**WORK ORDER**. Keep the images out while you retype all of the data exactly.

**DATA EXCERPT**.
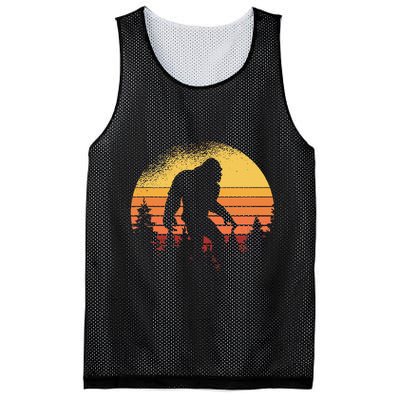 Retro Bigfoot Believer Silhouette Sasquatch Hide And Seek Mesh Reversible Basketball Jersey Tank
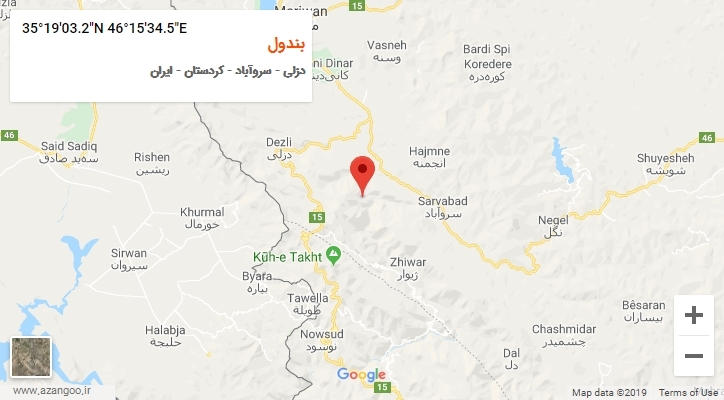 روستای بندول بر روی نقشه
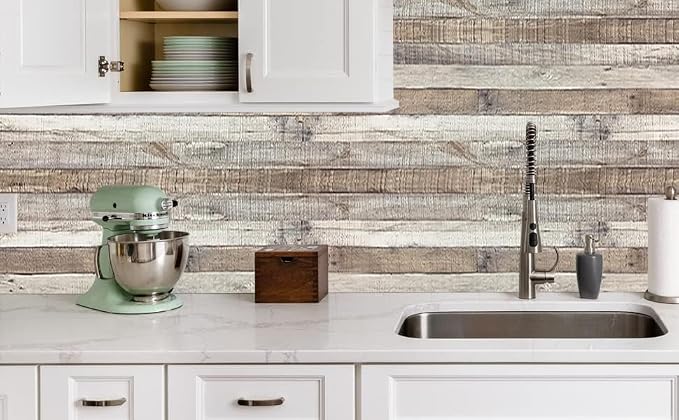 Yun-aeon Natural Wood-Grey Contact Paper Peel and Stick Wallpaper | 34.6"x 480"Self Adhesive Removable Vintage Faux Wood Wall Paper Plank Shelf Home Decoration Kitchen Counter Cover - Image 9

**RESPONSE AREA**.
 Retro Bigfoot Believer Silhouette Sasquatch Hide And Seek Mesh Reversible Basketball Jersey Tank
 روستای بندول بر روی نقشه
 Yun-aeon Natural Wood-Grey Contact Paper Peel and Stick Wallpaper | 34.6"x 480"Self Adhesive Removable Vintage Faux Wood Wall Paper Plank Shelf Home Decoration Kitchen Counter Cover - Image 9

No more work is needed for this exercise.